"To state the bleeding obvious, a lot of things in our society need to be fixed. But our experience with crypto – and with many of the other business models we’ll explore in this book – makes it clear that many over-hyped technological solutions are at best a crutch and distraction, and at worst downright harmful. Actually improving people’s financial wellbeing, for example, will require us to pursue real, slow, piecemeal, democratic solutions."
"The answer to the question “can this technology actually do this thing?” is “no” when the technology can’t solve the problem at hand; the answer is also “no” if there’s not actually an identified “thing” for the technology to do. In the early days of the internet, it was abundantly clear to people that it was useful, even though the pathways to commercializing the internet weren’t necessarily obvious at first. Today, it sometimes feels like that reality has been flipped on its head. Members of the Silicon Valley elite (people who made their fortunes at the beginning of the internet era, or later, with the arrival of the smartphone) can seem like junkies chasing the dragon of another tech revolution high, pushing any new fad they happen upon, actual use cases be damned."
"Let me put it more bluntly: we are kidding ourselves if we expect the private sector to solve the long-standing and structural problem of economic precarity, and we shouldn’t be surprised when businesses seek to profit from that economic precarity instead – that’s capitalism, baby! But some fintech businesses do claim to be so much more than profit-making enterprises, and then trade on those claims to try and curry regulatory favor and concessions that aren’t available to other financial businesses. Regulation is needed to prevent predatory inclusion, but many fintech business models have obscured or explained away their high costs and problematic practices with a veneer of flashy tech innovation. And when regulators have sought to enforce their rules against fintechs, they have often been accused of being “anti-innovation.”"

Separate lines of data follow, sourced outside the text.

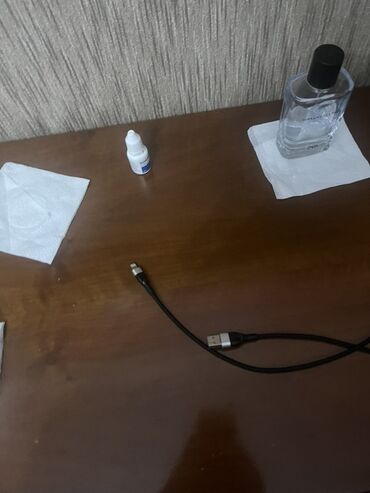 ıphon: Lightning–USB şarj/data kabeli - Uclar: bir tərəfi USB-A, digər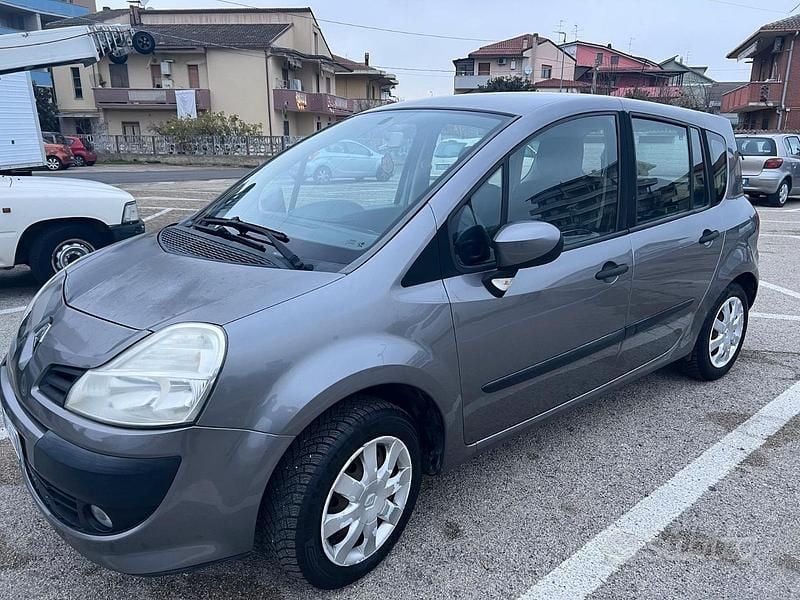 Grigio Usata 2009 Renault Grand Modus Dynamique Monovolume | 3500 € (Buon prezzo) - Immagine 1/4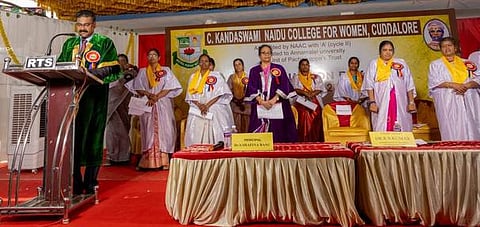 கல்லூரியில் நடைபெற்ற பட்டமளிப்பு விழாவில் பேசுகிறாா் அண்ணாமலைப் பல்கலைக்கழக தோ்வு கட்டுப்பாட்டு அதிகாரி ஆா்.எஸ்.குமாா்.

"In short, the predominant legal use of stablecoins is not for payments, but for speculative trading. They aren’t as stable as they claim to be, and the stability they do have arises from free-riding on the US banking system and monetary policy – and as we’ll come back to, if stablecoins are able to keep gaining market share, these parasites might eventually endanger their hosts. Stablecoins are typically unavailable to those without bank accounts…and so we come to the question that I keep screaming about stablecoins (in my head, and occasionally on social media), WHY ARE WE EVEN DOING THIS???"

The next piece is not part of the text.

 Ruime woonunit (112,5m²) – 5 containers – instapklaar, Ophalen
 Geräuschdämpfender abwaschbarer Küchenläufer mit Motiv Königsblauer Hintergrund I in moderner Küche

"Just like beauty, efficiency, competition, and security are all in the eye of the beholder. For example, one person’s “efficiency” may be another person’s “dismantling critical government infrastructure.” And yet technological solutions designed to make things more efficient, more competitive, or more secure are often presented by Silicon Valley as neutral and universally desirable. That veneer of neutrality and universality can be dangerous if it disguises the fact that Silicon Valley is solving (or creating and then solving) problems in ways that are antithetical to our values. To illustrate those dangers, we’ll use a particular technological solution: the blockchain. A blockchain is a clunky type of database, and it really is the perfect example to demonstrate the hollowness of techno-solutionism: it promises to do everything but really isn’t very good at doing much of anything (anything other than helping some unscrupulous folks make money, that is)."